*** Opening INFORMATION SHOWN ***
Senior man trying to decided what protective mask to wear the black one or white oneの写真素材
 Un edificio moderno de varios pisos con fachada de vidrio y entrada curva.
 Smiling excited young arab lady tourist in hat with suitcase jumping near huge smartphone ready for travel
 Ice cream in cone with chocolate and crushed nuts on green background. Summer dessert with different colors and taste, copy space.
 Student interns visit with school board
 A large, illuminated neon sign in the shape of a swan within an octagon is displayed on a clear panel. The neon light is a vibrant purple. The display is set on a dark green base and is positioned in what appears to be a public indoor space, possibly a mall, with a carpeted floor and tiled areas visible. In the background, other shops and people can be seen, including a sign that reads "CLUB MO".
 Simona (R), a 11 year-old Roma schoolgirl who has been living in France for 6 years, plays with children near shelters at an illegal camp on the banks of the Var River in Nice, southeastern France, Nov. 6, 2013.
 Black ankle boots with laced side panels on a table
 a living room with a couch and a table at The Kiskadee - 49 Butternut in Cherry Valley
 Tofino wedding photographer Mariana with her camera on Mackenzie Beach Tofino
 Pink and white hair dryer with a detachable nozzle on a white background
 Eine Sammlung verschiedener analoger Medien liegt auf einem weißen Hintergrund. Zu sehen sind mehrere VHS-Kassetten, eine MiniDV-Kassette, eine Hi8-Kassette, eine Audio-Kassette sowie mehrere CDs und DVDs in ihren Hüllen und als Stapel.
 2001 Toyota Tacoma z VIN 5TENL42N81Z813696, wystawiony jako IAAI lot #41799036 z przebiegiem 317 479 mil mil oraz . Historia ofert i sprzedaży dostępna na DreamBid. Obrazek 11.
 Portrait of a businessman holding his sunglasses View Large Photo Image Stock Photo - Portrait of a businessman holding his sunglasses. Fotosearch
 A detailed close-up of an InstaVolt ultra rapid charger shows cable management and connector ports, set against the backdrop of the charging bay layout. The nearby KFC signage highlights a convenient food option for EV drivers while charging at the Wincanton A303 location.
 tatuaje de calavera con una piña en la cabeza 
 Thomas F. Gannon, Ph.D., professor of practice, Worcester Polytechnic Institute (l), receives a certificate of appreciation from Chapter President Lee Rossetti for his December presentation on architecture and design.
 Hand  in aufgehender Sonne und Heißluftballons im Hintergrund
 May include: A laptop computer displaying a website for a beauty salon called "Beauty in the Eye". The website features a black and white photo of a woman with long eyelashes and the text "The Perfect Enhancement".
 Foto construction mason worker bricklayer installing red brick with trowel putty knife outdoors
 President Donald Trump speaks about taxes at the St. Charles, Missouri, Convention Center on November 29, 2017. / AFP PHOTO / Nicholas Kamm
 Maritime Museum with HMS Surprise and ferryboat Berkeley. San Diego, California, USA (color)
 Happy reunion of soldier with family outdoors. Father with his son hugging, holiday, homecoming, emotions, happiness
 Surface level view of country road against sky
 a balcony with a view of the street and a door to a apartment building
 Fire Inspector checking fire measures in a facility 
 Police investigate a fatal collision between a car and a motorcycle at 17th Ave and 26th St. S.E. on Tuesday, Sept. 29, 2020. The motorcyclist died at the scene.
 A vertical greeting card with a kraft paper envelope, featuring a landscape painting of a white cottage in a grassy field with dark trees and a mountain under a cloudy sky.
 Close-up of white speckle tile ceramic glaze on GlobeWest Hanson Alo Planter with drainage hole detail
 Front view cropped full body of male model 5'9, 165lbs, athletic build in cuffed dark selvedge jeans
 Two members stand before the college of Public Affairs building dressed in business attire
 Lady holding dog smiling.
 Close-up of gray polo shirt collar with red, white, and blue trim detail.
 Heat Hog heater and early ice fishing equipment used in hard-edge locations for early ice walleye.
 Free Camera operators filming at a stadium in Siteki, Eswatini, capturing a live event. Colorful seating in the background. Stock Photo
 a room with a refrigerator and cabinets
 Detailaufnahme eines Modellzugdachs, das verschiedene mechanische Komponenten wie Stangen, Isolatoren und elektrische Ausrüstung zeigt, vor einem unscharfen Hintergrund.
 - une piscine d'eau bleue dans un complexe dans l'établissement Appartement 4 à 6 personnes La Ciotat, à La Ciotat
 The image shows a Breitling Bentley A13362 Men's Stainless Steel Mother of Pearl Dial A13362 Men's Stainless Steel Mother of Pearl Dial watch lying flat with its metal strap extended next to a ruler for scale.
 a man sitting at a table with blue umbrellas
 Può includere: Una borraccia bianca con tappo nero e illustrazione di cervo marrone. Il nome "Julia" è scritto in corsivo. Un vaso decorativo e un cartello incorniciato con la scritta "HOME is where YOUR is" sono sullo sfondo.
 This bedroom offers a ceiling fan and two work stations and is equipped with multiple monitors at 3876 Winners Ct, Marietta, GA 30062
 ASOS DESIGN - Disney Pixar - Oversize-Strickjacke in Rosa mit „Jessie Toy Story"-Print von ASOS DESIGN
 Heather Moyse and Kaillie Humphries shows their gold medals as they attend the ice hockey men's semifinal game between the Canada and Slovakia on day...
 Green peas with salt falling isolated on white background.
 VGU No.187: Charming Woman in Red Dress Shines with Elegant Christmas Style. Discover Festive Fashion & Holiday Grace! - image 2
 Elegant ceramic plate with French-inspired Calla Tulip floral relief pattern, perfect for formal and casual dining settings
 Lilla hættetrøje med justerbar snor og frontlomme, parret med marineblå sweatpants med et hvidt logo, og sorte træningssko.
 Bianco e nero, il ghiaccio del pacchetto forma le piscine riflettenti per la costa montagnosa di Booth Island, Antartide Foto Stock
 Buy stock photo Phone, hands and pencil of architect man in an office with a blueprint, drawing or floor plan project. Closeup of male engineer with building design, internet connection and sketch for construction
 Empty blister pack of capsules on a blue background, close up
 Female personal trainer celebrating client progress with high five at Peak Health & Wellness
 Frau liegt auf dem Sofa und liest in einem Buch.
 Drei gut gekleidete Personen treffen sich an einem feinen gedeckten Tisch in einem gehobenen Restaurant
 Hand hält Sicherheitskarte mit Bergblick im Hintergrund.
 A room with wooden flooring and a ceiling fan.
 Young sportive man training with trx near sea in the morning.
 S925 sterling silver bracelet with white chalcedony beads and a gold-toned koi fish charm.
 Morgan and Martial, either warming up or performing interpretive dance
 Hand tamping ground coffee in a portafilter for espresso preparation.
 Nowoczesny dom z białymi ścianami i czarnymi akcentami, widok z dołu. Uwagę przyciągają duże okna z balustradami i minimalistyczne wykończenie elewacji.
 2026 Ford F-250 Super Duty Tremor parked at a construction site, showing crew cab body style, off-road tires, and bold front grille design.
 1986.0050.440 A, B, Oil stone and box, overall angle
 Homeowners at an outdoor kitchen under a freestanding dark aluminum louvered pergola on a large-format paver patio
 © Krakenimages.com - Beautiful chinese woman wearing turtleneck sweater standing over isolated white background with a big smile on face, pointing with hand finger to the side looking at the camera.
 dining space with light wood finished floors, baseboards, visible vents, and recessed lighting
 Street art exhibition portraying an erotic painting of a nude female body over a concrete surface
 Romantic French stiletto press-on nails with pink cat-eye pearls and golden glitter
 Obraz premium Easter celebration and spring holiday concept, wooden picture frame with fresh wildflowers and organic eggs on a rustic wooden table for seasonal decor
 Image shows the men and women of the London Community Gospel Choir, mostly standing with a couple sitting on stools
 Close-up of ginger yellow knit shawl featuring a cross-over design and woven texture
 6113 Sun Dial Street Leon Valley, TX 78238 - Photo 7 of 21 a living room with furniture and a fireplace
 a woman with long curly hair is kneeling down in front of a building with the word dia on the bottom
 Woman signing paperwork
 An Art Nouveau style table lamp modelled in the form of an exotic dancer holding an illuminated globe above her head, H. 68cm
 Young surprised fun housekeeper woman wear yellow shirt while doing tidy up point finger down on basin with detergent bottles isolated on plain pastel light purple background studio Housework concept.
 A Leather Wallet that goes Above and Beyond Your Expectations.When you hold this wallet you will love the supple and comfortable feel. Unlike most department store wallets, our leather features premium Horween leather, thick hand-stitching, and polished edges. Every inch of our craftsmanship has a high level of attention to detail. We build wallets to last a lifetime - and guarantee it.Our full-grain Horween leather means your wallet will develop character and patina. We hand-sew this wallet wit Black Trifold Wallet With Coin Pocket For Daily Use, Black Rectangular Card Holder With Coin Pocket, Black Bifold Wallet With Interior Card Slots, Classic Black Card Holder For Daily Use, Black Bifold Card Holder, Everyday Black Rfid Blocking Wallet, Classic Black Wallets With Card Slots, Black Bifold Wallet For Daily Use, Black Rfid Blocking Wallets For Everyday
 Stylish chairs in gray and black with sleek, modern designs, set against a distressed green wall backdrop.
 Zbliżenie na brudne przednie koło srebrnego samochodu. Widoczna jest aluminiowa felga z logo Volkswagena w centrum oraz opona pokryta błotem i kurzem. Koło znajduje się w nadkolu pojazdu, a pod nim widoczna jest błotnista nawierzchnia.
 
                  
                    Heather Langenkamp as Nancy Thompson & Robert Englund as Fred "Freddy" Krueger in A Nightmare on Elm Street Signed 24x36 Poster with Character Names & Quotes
*** Closing INFORMATION SHOWN ***
**REQUIRED WORK**
Only a number is wanted: how many lines above include "wooden"?

**TASK SOLUTION**
2